Di kelas, ia lebih banyak mengajak siswa untuk berpikir kritis, berdiskusi, dan berani berbeda pendapat. Ia tidak ingin siswanya sekadar menghafal rumus atau tata bahasa, tetapi mampu memahami konteks dan menggunakannya dalam kehidupan nyata. “Bahasa Inggris itu bukan hanya soal grammar, tapi tentang bagaimana kita berkomunikasi, memahami orang lain, dan terbuka terhadap dunia,” ujarnya.
Ida Ayu menyadari bahwa generasi muda sekarang tumbuh di dunia yang serba cepat. Informasi datang silih berganti, teknologi berkembang tanpa henti. Maka tugas guru, baginya, bukan lagi menjadi satu-satunya sumber pengetahuan, melainkan menjadi penuntun arah agar siswa mampu menyaring, memahami, dan menggunakan pengetahuan secara bijak.
Di tengah gempuran digital, Ida Ayu merasa bahwa pendidikan yang menanamkan nilai dan empati menjadi semakin penting. Ia menilai bahwa kecerdasan emosional dan moral tak kalah penting dibanding kecerdasan intelektual. “Menanamkan empati dan berpikir kritis bukan sekadar lewat teori moral atau ceramah, tetapi melalui pembiasaan, keteladanan, dan pengalaman belajar yang nyata,” ujarnya.
Baginya, guru bukan hanya mengajar tentang benar dan salah, tapi memberi ruang bagi siswa untuk merasakan dan memahami. “Ketika siswa bisa merasakan sebelum menilai dan menganalisis sebelum menyimpulkan, di situlah pendidikan mencapai maknanya yang sejati,” ucapnya lembut.

Ida Ayu kerap mengajarkan nilai-nilai kemanusiaan lewat contoh kecil seperti menghargai pendapat teman, mendengarkan sebelum berbicara, dan belajar dari kesalahan tanpa takut dihukum. “Saya ingin murid saya tahu bahwa belajar itu bukan tentang siapa yang paling benar, tapi siapa yang paling mau berkembang,” tambahnya.
Bagi Ida Ayu, profesi guru bukanlah sekadar pekerjaan, melainkan panggilan jiwa.
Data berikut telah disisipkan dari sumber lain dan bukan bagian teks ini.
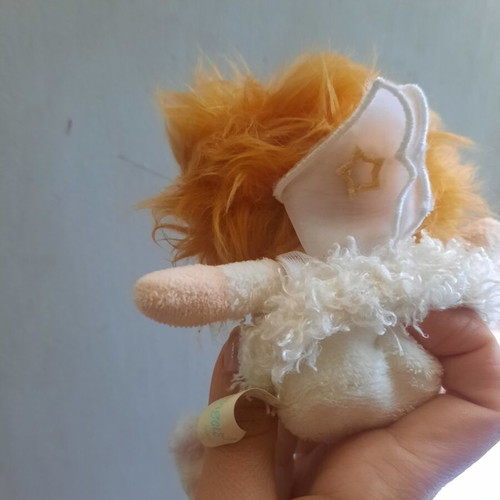 NICI Little Wingels plush angel dolls like new, set of two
Ia menyadari banyak tantangan: kurikulum yang sering berubah, tekanan administratif, hingga adaptasi teknologi yang tak ada habisnya. Namun, semua itu tak menyurutkan langkahnya. “Menjadi guru di tengah derasnya arus perubahan dunia pendidikan adalah sebuah panggilan jiwa, bukan sekadar profesi,” ujarnya tegas.
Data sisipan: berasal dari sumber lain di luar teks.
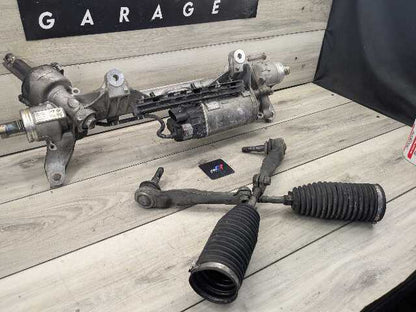 16-19 OEM BMW G11 G12 750Li RWD Electric Steering Gear Rack and Pinion ZF 97k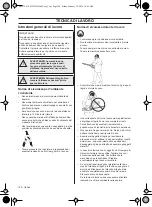 Предварительный просмотр 190 страницы Husqvarna 122HD45 Operator'S Manual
Ia percaya, teknologi dapat membantu proses belajar, tetapi tak akan pernah menggantikan peran manusia. “Teknologi bisa membuat belajar lebih mudah, tapi tidak bisa menggantikan sentuhan kasih, keteladanan, dan empati yang hanya bisa diberikan guru,” katanya.

Ida Ayu selalu menanamkan semangat belajar sepanjang hayat, baik untuk dirinya sendiri maupun untuk siswanya. Ia percaya bahwa guru sejati adalah mereka yang tidak pernah berhenti belajar. “Selama guru masih mau belajar, mencintai, dan memberi makna, maka pendidikan akan terus memiliki harapan,” ucapnya.
Pesannya untuk rekan-rekan guru di seluruh Indonesia sederhana tapi dalam: “Tetaplah berdaya, tetaplah belajar, dan tetaplah menginspirasi.” Menurutnya, dunia boleh berubah, kurikulum boleh berganti, tapi nilai kemanusiaan dan dedikasi seorang guru akan selalu menjadi inti dari pendidikan.
“Guru bukan sekadar pengajar,” katanya menutup perbincangan dengan senyum lembut, “tetapi penjaga cahaya yang menuntun generasi menuju masa depan.”